Loading...
Searching...
No Matches
liburlparser Library

Logo

Fastest domain extractor library for C++

Complete library for parsing URLs with C++, Python and Command Line

Introduction

liburlparser is a high-performance URL parsing library written in C++ with Python bindings. It provides efficient URL parsing and domain extraction capabilities while maintaining a consistent interface across both C++ and Python. This page introduces the core concepts, architecture, and features of liburlparser.

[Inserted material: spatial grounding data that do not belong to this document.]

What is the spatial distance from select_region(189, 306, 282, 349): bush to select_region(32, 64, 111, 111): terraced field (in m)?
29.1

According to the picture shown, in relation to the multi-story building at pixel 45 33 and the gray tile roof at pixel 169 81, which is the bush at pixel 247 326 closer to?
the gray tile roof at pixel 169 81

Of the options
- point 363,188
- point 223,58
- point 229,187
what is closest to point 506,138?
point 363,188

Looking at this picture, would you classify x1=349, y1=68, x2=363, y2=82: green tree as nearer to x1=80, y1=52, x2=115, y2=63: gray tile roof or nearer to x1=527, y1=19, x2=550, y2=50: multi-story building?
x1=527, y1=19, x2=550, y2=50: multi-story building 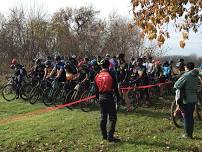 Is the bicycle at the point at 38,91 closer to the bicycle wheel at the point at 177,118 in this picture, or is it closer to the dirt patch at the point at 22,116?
the dirt patch at the point at 22,116

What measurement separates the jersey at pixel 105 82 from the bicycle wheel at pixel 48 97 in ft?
23.4

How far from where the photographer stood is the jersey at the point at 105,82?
37.5 feet

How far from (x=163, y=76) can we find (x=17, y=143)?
1195 cm

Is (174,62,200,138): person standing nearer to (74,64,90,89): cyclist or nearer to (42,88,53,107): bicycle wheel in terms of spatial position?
(74,64,90,89): cyclist

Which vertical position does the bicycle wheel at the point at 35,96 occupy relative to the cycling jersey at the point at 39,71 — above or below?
below

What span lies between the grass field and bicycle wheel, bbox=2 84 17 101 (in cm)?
310

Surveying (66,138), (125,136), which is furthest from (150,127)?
(66,138)

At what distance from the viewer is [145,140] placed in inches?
459

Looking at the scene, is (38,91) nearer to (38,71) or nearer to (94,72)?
(38,71)

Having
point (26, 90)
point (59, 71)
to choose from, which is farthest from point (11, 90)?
point (59, 71)

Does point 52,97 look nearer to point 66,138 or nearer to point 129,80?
point 129,80

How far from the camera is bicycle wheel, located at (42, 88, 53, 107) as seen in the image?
1842cm

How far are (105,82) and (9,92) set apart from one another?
10278 millimetres

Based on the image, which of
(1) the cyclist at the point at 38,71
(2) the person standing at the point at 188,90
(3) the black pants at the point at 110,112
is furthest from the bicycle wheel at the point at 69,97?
(2) the person standing at the point at 188,90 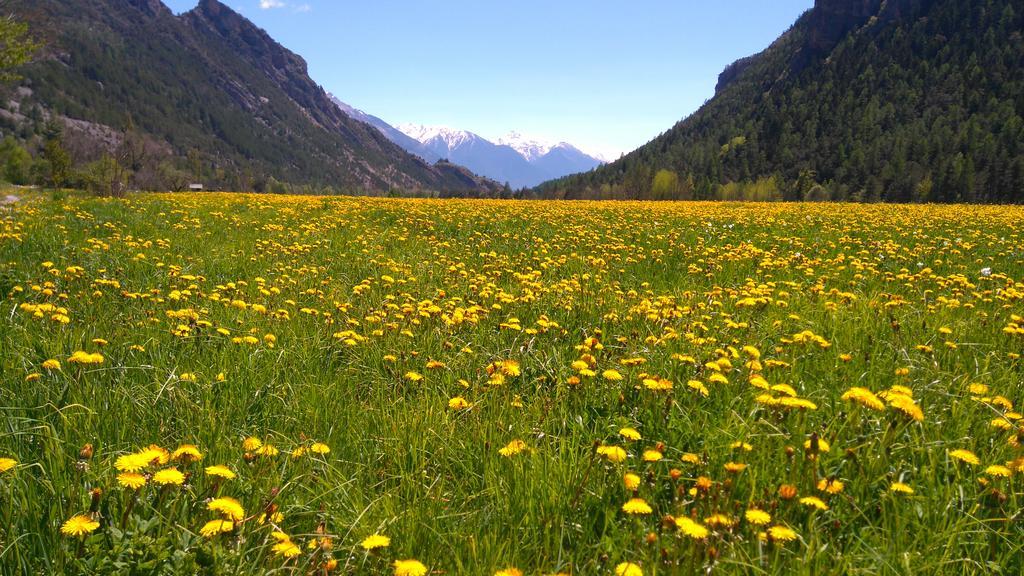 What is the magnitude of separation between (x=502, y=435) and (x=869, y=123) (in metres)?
146

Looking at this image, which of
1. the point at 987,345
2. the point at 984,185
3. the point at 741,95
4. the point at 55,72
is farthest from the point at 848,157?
the point at 55,72

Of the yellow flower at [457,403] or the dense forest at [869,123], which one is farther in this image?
the dense forest at [869,123]

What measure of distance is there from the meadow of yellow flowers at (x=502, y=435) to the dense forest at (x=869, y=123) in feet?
255

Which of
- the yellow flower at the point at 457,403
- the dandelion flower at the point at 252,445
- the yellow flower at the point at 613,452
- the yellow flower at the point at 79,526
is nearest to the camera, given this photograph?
the yellow flower at the point at 79,526

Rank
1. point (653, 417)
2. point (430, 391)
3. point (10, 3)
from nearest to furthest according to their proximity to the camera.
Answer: point (653, 417) < point (430, 391) < point (10, 3)

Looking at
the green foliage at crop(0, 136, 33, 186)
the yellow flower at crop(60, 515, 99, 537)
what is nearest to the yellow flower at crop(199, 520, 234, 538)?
the yellow flower at crop(60, 515, 99, 537)

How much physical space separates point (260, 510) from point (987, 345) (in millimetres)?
4746

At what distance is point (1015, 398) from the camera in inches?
118

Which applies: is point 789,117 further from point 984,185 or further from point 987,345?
point 987,345

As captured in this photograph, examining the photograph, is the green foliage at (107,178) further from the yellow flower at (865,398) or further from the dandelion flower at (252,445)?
the yellow flower at (865,398)

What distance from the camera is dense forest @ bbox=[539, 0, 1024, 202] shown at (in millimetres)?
79312

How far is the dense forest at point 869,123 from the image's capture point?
79.3 meters

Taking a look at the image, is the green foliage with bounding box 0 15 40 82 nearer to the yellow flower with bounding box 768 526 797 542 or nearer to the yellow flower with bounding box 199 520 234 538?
the yellow flower with bounding box 199 520 234 538

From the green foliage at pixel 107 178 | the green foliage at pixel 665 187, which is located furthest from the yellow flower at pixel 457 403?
the green foliage at pixel 665 187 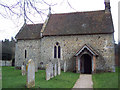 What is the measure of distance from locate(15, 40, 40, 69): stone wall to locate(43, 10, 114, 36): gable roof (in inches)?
119

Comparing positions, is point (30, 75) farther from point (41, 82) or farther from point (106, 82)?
point (106, 82)

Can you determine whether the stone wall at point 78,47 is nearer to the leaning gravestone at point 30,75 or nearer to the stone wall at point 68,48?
the stone wall at point 68,48

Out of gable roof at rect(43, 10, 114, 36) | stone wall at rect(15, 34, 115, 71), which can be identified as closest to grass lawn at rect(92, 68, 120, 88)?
stone wall at rect(15, 34, 115, 71)

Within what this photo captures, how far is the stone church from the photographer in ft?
61.0

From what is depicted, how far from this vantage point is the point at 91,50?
17.9m

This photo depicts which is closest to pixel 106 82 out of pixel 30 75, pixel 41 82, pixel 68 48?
pixel 41 82

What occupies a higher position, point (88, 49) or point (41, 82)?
point (88, 49)

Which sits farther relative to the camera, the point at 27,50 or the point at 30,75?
the point at 27,50

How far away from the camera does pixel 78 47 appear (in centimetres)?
1988

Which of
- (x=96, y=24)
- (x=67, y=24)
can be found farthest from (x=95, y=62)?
(x=67, y=24)

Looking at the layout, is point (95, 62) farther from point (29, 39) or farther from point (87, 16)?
point (29, 39)

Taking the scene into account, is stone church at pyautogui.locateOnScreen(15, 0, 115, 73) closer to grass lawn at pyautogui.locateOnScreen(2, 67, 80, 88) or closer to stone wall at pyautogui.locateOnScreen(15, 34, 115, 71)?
stone wall at pyautogui.locateOnScreen(15, 34, 115, 71)

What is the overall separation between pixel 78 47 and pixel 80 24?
3.59 m

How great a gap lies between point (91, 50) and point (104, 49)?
2.11 metres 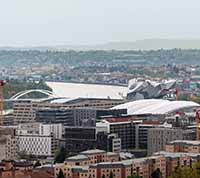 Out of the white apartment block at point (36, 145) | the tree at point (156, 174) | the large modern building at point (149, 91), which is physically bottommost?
the large modern building at point (149, 91)

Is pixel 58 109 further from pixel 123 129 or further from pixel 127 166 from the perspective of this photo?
pixel 127 166

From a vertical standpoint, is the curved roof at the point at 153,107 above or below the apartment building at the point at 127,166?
below

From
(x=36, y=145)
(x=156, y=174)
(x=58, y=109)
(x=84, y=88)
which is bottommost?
(x=84, y=88)

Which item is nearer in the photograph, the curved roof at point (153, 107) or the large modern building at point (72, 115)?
the large modern building at point (72, 115)

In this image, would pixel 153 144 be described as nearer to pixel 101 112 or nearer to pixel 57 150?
pixel 57 150

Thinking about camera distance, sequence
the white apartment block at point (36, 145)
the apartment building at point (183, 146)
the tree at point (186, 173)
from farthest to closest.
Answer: the white apartment block at point (36, 145), the apartment building at point (183, 146), the tree at point (186, 173)

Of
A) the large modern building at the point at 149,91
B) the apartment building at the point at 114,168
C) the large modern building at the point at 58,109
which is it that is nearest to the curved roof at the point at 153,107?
the large modern building at the point at 58,109

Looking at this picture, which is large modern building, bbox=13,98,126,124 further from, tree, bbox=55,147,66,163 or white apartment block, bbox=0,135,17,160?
tree, bbox=55,147,66,163

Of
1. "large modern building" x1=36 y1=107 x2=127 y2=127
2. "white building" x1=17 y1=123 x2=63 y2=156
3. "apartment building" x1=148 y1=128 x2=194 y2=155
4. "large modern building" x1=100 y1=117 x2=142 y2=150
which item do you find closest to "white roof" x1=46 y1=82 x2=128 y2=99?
"large modern building" x1=36 y1=107 x2=127 y2=127

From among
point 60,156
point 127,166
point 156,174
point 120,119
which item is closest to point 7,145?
point 60,156

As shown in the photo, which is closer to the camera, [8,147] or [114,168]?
[114,168]

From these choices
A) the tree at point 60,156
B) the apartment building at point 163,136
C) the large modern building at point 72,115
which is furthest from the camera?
the large modern building at point 72,115

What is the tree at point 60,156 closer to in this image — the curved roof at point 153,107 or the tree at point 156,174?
the tree at point 156,174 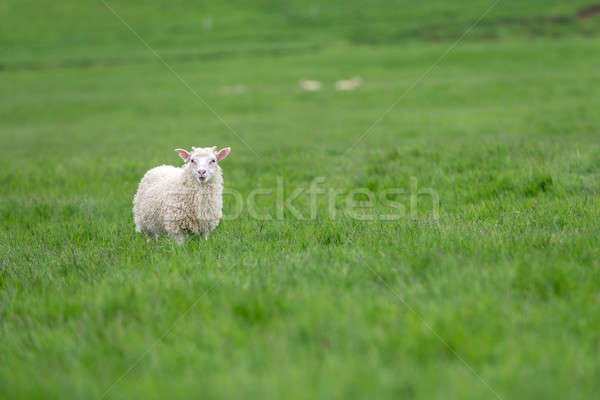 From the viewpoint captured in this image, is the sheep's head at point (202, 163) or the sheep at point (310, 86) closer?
the sheep's head at point (202, 163)

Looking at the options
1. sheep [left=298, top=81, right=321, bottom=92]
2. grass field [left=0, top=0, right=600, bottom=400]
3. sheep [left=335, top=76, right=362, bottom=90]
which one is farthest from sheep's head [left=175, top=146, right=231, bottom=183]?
sheep [left=298, top=81, right=321, bottom=92]

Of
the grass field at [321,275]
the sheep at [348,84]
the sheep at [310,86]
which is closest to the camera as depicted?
the grass field at [321,275]

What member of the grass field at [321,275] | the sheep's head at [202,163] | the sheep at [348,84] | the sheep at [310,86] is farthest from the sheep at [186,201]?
the sheep at [310,86]

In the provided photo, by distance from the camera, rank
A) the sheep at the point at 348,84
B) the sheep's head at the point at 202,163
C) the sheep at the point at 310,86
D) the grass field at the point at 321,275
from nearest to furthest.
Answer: the grass field at the point at 321,275 → the sheep's head at the point at 202,163 → the sheep at the point at 348,84 → the sheep at the point at 310,86

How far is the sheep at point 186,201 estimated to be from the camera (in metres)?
4.93

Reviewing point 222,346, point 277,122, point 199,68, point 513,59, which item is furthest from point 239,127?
point 513,59

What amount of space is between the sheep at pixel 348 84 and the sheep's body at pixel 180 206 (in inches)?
827

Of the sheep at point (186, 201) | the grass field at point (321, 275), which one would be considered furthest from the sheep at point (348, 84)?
the sheep at point (186, 201)

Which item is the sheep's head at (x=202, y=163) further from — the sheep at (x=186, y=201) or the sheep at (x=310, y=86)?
the sheep at (x=310, y=86)

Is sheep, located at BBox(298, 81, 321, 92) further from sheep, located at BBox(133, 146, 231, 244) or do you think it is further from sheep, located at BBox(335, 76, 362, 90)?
sheep, located at BBox(133, 146, 231, 244)

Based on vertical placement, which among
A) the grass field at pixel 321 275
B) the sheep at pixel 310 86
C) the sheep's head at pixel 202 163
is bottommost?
the grass field at pixel 321 275

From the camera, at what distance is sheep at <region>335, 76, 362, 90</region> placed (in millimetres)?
25373

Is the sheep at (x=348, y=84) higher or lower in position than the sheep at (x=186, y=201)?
higher

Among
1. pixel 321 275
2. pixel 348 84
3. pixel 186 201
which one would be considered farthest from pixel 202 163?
pixel 348 84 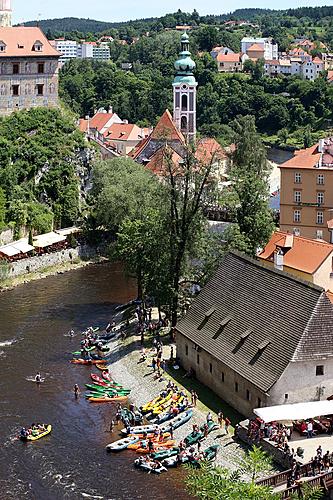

For installation instructions, see Installation. For usage examples, see Quick Start Guide.

Purpose and Scope

The primary purpose of liburlparser is to parse URLs and extract their components with a focus on accurate domain extraction. The library is designed to:

  • Parse URLs into their component parts (protocol, host, path, query parameters, etc.)
  • Extract domain information from hostnames, correctly handling public suffixes
  • Provide a consistent API across both C++ and Python
  • Offer superior performance compared to other URL parsing solutions

Key Features

  • High Performance: Optimized C++ implementation for fast URL parsing
  • Comprehensive URL Parsing: Extract all components of a URL including protocol, domain, subdomain, suffix, path, query parameters, and fragments
  • Public Suffix List Support: Accurate domain recognition using the public suffix list
  • Clean API Design: Separate TLD::Url and TLD::Host classes for better code organization
  • Cross-Platform Compatibility: Works on Windows, Linux, and macOS
  • Automatic PSL Updates: Updates the public suffix list automatically during build

System Architecture

liburlparser follows a layered architecture with C++ core components providing the parsing functionality and language bindings making this functionality available in Python.

Architecture Diagram

URL Parsing Process

When parsing a URL, the library follows this general flow:

URL Parsing Process

Core Components

The library is built around two primary classes that work together to provide URL parsing functionality:

TLD::Url Class

The TLD::Url class is responsible for parsing complete URLs and extracting all their components. It provides methods to access:

  • Protocol (e.g., "https")
  • User information
  • Host (which is represented as a Host object)
  • Port
  • Path
  • Query parameters
  • Fragment

Key Methods and Properties

  • protocol(): Returns the protocol (e.g., "http", "https")
  • userinfo(): Returns the user information part of the URL
  • host(): Returns a TLD::Host object representing the host part
  • port(): Returns the port number
  • abspath(): Returns the absolute path
  • query(): Returns the query string
  • params(): Returns the query parameters as a map
  • fragment(): Returns the fragment (anchor)
  • str(): Returns the complete URL as a string

TLD::Host Class

The TLD::Host class focuses on parsing and extracting domain information from hostnames. It leverages the Public Suffix List (PSL) to correctly handle domain extraction, even for complex cases like "co.uk". It provides methods to access:

  • Subdomain (e.g., "www" in "www.example.com")
  • Domain (e.g., "example" in "www.example.com")
  • Domain name (the combination of domain and suffix)
  • Suffix (e.g., "com" in "www.example.com" or "co.uk" in "example.co.uk")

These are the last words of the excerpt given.